Task goal: In the entries that follow, the line with "Don't Stop (Wiggle Wiggle) [Karaoke]" opens the range and the line with "Nuri Oversize Fleeced Hoodie" closes it; repeat that range exactly, both lines included.

-- Dataset entries follows --

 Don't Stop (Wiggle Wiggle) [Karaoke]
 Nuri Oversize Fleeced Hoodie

-- Dataset entries concluded --
-- Dataset entries follows --

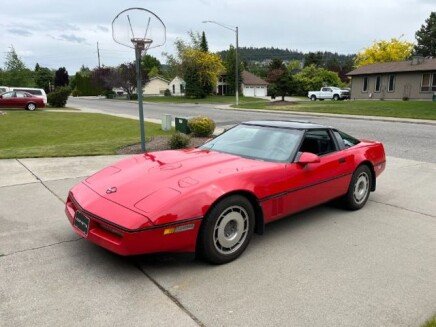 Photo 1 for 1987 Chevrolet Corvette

-- Dataset entries concluded --

Final answer:
 Don't Stop (Wiggle Wiggle) [Karaoke]
 Nuri Oversize Fleeced Hoodie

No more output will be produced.